Arrimė à un corps-mort dans la zone B de la réserve marine de Capo Rizzuto au sud de Crotone position : 39 01 206 N ; 17 11 653 E
Les corps-morts sont mis gracieusement à la disposition des visiteurs.
Endroit peu fréquenté sauf le week-end. Ce qui m’étonne depuis la pointe de la botte italienne, c’est de voir que les estivants locaux laissent leurs parasols et objets de plage la nuit et les retrouvent le lendemain matin.
Les eaux sont d’une transparence cristaline et peuplées de poissons multicolores.
De Charybde en Scylla
Le tourbillon devant Scylla célèbre depuis Ulysse est aujourd’hui anecdotique depuis le tremblement de terre de 1783. Il reste aujourd’hui deux tourbillons à éviter dont j’ai senti les effets avec un courant de 4 noeuds dans le détroit de Messine au passage où il y a environ 3 milles entre les deux rives.
Entre Reggio di Calabria et La Sicile c’est un chassé-croisé de ferries qui parfois sont en attente de dėbarquement au milieu du Détroit. Ici la prioritė n’est pas aux voiliers qui sont verbalisables s’ils entraînent une gène du traffic. Bon, pas mécontent d’en sortir rapidement avec toute la toile et le moteur pour croiser à 8 noeuds.
« Sécurité, sécurité », avis de « Bourrasqua » à la sortie du Détroit. 2 ris dans la Gv et le génois nous passons tranquillement avec 24 noeuds pour se mettre au mouillage devant la plage de Palizzi Marina. Il est 17 heures. Encore deux heures à attendre pour le ti-punch.
En images de Santa-Lucia à Scilla
La côte Tyrrhénienne
Scilla, le 24 juillet
Après avoir largué les amarres le 27 juin du port de Leucate, Paprika et son équipage a fait route vers l’Italie et quitté le continent en direction du Cap Corse où un vent frais nous attendait entre l’île de la Giraglia et la baie de Barcaggio avec des rafales à 35 noeuds. Ce premier juillet nous sommes au mouillage de Barcaggio par quatre mètres de fond.
Le 2 juillet, navigation de nuit pour atteindre l’île de Giglio et mouiller dans la Cala Delle Cannelle.
Le lendemain nous faisons route en direction d’Ostia, porto turistico di Roma. Accueil très sympathique et prix correct à l’arrivée le 3 juillet.

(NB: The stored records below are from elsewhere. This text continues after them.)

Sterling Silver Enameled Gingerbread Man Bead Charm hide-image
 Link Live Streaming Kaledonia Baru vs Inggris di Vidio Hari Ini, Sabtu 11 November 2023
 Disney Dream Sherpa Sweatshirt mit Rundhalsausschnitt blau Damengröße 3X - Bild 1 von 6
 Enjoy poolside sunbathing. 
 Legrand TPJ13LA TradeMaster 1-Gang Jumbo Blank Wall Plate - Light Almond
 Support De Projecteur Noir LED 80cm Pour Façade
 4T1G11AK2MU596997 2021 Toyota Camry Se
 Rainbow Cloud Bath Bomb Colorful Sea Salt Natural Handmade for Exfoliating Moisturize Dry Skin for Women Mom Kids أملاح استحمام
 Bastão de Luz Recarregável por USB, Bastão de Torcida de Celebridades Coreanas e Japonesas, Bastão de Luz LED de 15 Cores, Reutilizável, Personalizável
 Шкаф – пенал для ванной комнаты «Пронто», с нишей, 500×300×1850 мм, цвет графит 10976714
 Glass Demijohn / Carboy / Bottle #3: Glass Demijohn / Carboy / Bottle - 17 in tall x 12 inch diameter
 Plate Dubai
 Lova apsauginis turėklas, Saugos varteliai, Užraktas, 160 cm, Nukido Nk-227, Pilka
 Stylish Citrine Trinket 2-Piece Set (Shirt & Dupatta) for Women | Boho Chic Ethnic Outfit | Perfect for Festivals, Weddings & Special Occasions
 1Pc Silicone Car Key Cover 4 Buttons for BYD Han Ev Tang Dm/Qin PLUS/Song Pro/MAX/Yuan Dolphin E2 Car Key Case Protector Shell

Entre le 4 juillet,départ de mon coéquipier et l’arrivée de Karinn, je décidais de passer ce temps à l’île de Ponza.
Endroit merveilleux s’il en est ! C’est certainement l’une des plus belles destination de Mėditerrannée.
Le 14 juillet arrivée à Naples dans la marina du célèbre quartier de Santa Lucia.
Le port est complet, mais avec une petite négociation, la possibilité de rester deux jours se présente.
Karinn arrive le 15 et le 16 au matin nous faisons la visite de Pompei avant de lever l’ancre pour Capri.
Au mouillage par vingt mètres de fond au sud de l’île, la position est difficilement tenable avec une houle et un roulis très ample.
À 5 heures du matin, las d’être ballotté, départ avec un vent de force 6 vers la baie de Salerne où nous trouvons un mouillage plus accorte.
Le 18 juillet, mouillage dans la petite baie d’Oligastro.
Mon smartphone s’y est beaucoup plu et a décidé de rester définitivement là pour l’éternitė par six mètres de fond entourė d’algues bienveillantes.
Sur la route de Scilla nous avons passé une journée à Tropea, ville construite à flanc de falaise aux maisons multicolores.
Aujourd’hui, 24 juillet nous sommes à Scilla pour une troisième journée et un départ demain matin avec des conditions plus clémentes pour passer le Détroit de Messine.
Giovanni le maître des lieux a doublé notre amarrage sur le corps mort du port et porté avec son bateau l’ancre de Paprika qu’il a laissée au fond de l’eau 30 mètres plus loin.Nous avons reçu un très bon accueil et goûté des moules crues et du Prosseco que Giovanni et ses amis nous ont offerts.Je recommande la visite de Scilla qui est une localité intéressante pour un séjour plus long.